En los estudios filológicos que buscan encontrar el significado de nuestro vocabulario ancestral (etimología), la interpretación de las palabras suele afrontar alguna de las tres situaciones siguientes:
a) Vocablos con traducción explícita, del tipo: «llamaban los naturales ala Leche, aho: alpuerco ylfe: ala ceuada, temosen». Salvo eventuales ajustes fonéticos, paleográficos o semánticos, los exámenes no presentan mayores dificultades.
b) Términos aislados, con escasas o nulas indicaciones contextuales, como las listas que contienen nombres de esclavos: «presenta 42 cautivos: Alganarsega, de 28 años; Beneyguay, de 28; Beneygacim, de 12; Sosala, de 6; Algaratia, de 12; Algayaguar, de 10; Agalaf, de 10; […] todos ellos varones; […]». Aquí, excepto cuando se trata de expresiones que sólo pueden explicarse de una manera, bien por su forma lingüística o bien por su alcance pragmático, las hipótesis devienen por lo general muy tentativas.

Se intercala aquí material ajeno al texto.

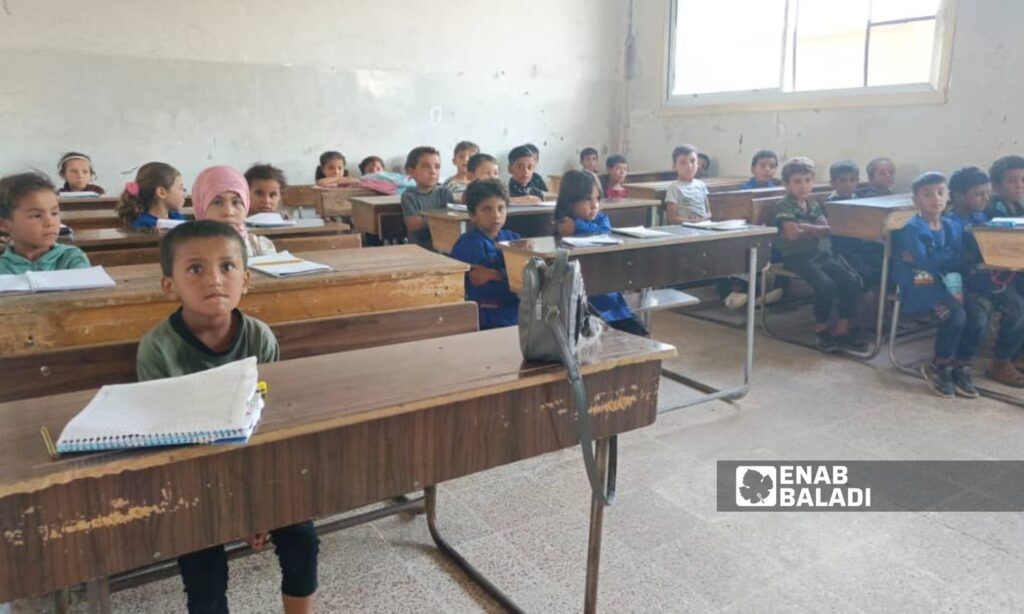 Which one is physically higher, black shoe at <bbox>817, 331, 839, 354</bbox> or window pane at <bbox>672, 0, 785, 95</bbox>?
window pane at <bbox>672, 0, 785, 95</bbox>

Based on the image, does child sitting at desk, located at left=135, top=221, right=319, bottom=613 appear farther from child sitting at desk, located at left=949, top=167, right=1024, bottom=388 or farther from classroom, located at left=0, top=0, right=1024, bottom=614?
child sitting at desk, located at left=949, top=167, right=1024, bottom=388

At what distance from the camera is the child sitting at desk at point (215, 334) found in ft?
4.53

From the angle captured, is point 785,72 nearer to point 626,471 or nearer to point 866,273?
point 866,273

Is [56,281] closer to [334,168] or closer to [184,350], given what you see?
[184,350]

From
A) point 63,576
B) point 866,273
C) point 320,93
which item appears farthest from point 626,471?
point 320,93

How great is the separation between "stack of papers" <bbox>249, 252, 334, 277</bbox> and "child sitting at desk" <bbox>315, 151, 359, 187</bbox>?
3477mm

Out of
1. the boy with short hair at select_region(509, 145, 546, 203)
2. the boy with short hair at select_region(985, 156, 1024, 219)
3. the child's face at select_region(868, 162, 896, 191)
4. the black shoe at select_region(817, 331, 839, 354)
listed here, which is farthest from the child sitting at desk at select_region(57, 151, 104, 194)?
the boy with short hair at select_region(985, 156, 1024, 219)

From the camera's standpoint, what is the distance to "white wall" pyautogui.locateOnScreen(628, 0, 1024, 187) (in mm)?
4281

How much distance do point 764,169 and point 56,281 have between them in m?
4.34

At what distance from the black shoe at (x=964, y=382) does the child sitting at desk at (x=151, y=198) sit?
11.5ft

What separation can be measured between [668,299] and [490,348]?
2068 millimetres

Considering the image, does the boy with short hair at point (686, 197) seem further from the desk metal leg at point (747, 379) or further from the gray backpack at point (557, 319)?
the gray backpack at point (557, 319)

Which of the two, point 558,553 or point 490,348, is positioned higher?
point 490,348

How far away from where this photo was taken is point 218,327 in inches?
58.3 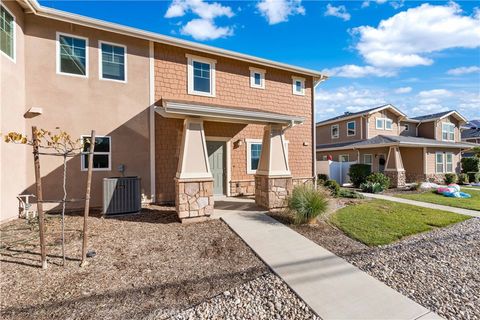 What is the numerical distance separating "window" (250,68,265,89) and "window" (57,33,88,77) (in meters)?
6.41

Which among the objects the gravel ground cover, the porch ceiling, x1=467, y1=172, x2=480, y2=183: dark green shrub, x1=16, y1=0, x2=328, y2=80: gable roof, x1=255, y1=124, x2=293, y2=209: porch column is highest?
x1=16, y1=0, x2=328, y2=80: gable roof

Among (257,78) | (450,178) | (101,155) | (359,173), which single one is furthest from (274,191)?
(450,178)

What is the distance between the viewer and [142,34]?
824cm

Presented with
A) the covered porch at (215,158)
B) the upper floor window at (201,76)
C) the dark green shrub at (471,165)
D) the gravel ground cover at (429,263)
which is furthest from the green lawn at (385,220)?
the dark green shrub at (471,165)

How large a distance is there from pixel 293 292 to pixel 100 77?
8625 mm

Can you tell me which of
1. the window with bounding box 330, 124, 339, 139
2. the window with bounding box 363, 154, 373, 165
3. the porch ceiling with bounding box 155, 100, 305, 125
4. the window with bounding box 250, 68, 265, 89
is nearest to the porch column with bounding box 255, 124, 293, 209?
the porch ceiling with bounding box 155, 100, 305, 125

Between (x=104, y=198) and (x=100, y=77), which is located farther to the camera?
(x=100, y=77)

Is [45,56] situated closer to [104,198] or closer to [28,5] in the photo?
[28,5]

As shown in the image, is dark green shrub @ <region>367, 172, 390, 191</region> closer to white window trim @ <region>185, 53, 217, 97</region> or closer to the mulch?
white window trim @ <region>185, 53, 217, 97</region>

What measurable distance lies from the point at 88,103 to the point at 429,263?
32.8 ft

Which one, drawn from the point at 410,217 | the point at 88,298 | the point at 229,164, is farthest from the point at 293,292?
the point at 229,164

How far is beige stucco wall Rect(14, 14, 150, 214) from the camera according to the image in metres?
7.15

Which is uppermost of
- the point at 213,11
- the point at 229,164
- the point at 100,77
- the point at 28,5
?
the point at 213,11

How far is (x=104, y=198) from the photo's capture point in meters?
6.95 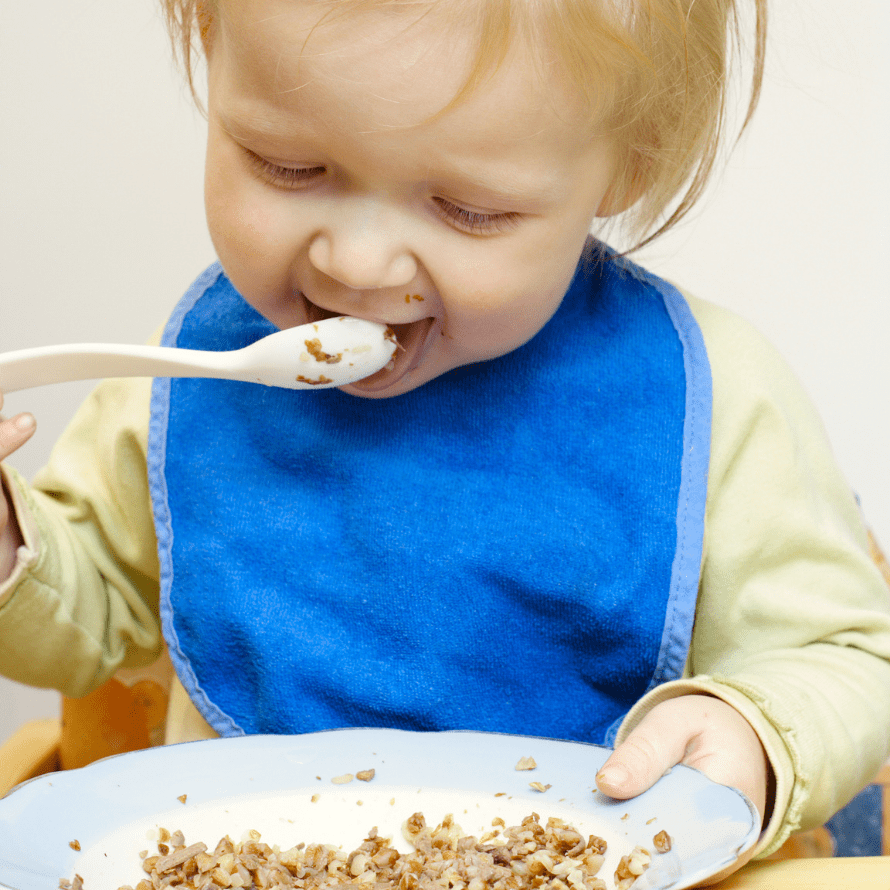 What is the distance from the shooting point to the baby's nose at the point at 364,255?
25.3 inches

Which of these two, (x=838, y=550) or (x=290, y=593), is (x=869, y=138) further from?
(x=290, y=593)

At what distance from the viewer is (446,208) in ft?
2.18

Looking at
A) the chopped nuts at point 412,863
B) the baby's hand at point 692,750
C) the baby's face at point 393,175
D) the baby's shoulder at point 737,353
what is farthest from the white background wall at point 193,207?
the chopped nuts at point 412,863

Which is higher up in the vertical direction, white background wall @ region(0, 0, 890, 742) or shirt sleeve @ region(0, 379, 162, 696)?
white background wall @ region(0, 0, 890, 742)

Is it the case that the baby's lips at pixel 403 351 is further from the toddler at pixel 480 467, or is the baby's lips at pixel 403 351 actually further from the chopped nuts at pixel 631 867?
the chopped nuts at pixel 631 867

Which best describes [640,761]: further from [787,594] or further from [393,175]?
[393,175]

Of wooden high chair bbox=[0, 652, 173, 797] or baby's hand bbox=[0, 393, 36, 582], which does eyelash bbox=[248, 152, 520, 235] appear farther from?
wooden high chair bbox=[0, 652, 173, 797]

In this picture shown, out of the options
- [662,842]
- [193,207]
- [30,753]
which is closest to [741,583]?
[662,842]

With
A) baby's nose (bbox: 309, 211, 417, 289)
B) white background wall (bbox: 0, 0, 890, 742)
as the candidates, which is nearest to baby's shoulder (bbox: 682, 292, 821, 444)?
baby's nose (bbox: 309, 211, 417, 289)

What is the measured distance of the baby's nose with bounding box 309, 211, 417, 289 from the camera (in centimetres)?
64

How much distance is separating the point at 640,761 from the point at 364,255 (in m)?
0.34

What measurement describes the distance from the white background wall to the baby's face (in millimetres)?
717

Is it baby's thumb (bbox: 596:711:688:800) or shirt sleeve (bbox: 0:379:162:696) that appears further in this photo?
shirt sleeve (bbox: 0:379:162:696)

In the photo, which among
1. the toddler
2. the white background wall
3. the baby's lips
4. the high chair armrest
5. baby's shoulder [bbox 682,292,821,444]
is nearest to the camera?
the toddler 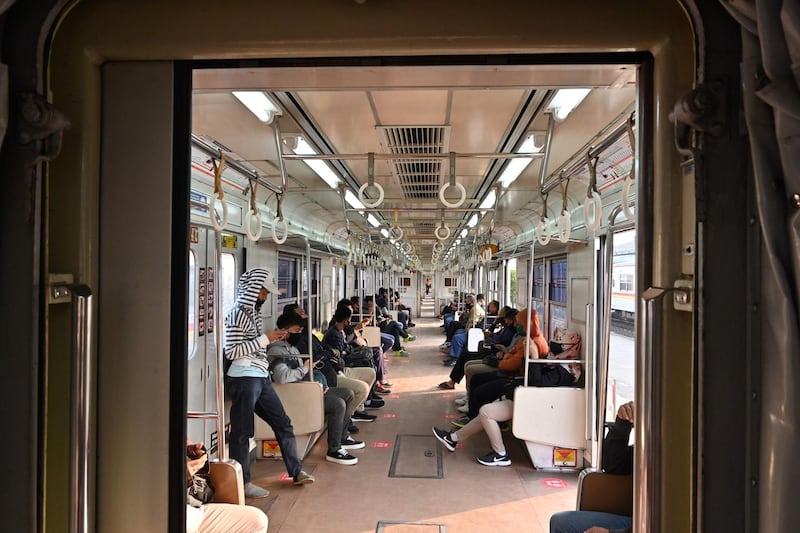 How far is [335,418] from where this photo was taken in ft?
18.2

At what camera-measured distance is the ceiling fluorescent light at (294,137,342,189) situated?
451 centimetres

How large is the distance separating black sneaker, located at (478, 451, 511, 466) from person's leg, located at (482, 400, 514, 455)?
4 cm

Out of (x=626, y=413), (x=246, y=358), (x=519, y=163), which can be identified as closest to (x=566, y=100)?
(x=519, y=163)

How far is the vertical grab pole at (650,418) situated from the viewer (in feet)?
4.63

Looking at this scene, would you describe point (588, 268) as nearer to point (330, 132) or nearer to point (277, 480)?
point (330, 132)

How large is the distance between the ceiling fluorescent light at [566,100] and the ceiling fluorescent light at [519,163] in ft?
2.01

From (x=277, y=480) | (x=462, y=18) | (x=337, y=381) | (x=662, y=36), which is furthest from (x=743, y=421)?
(x=337, y=381)

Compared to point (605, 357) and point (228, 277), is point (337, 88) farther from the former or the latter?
point (228, 277)

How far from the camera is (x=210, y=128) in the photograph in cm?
418

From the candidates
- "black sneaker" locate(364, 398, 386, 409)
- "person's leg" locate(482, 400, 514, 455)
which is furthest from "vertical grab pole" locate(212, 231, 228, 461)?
"black sneaker" locate(364, 398, 386, 409)

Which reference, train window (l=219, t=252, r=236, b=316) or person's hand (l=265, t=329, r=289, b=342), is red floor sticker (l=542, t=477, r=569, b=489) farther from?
train window (l=219, t=252, r=236, b=316)

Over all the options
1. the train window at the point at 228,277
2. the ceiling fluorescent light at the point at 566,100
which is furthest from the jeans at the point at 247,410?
the ceiling fluorescent light at the point at 566,100

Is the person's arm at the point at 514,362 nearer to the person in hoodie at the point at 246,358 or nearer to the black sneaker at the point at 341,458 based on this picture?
A: the black sneaker at the point at 341,458

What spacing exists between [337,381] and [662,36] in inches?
222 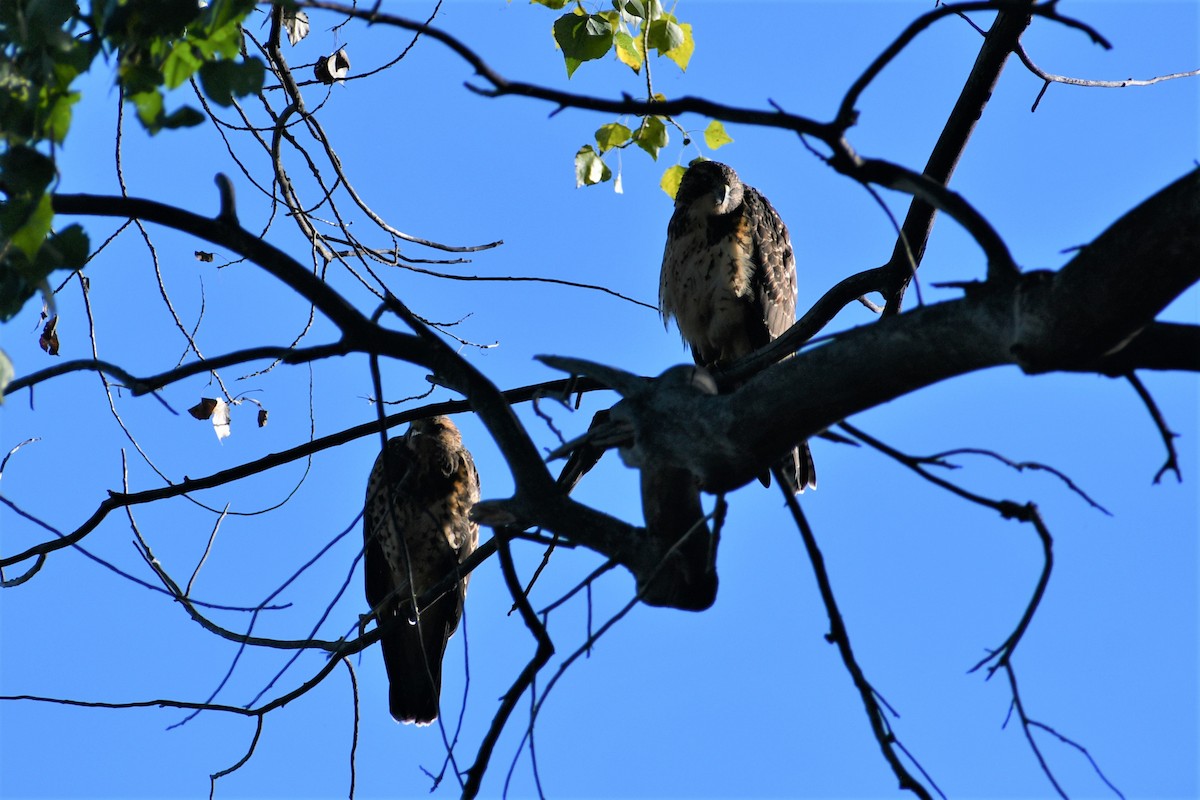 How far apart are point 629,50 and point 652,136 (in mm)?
270

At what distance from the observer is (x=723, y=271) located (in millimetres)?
5688

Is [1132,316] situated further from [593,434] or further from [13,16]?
[13,16]

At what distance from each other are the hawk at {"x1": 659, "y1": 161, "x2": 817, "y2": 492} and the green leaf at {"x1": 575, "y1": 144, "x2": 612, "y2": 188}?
199 centimetres

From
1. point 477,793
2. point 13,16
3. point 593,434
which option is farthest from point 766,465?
point 13,16

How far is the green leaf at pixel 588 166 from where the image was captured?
3.75m

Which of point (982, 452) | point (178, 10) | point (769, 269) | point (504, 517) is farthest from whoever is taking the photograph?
point (769, 269)

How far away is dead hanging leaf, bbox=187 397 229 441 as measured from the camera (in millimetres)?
3871

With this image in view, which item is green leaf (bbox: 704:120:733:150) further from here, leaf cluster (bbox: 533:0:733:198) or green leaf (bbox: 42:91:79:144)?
green leaf (bbox: 42:91:79:144)

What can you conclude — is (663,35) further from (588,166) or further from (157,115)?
(157,115)

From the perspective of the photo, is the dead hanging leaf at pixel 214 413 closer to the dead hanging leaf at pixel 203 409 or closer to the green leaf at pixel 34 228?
the dead hanging leaf at pixel 203 409

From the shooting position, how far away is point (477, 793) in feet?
7.17

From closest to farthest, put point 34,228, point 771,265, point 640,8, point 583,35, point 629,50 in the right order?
point 34,228 → point 583,35 → point 640,8 → point 629,50 → point 771,265

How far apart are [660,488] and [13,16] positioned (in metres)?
1.35

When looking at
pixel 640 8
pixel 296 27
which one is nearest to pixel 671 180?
pixel 640 8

c) Enunciados contextualizados, donde la información conservada aporta un horizonte potencial suficiente, caso de:«[…] y como acá anparamos la casa santa de Jerusalén juraban ellos asistis Tirma e asitis Margo», por cuanto el modelo [S·T + S] de la locución asitti s (‘voto a’, ‘juro por’, ‘suplico a’) satisface por completo la estructura morfosemántica de los datos expuestos por la fuente.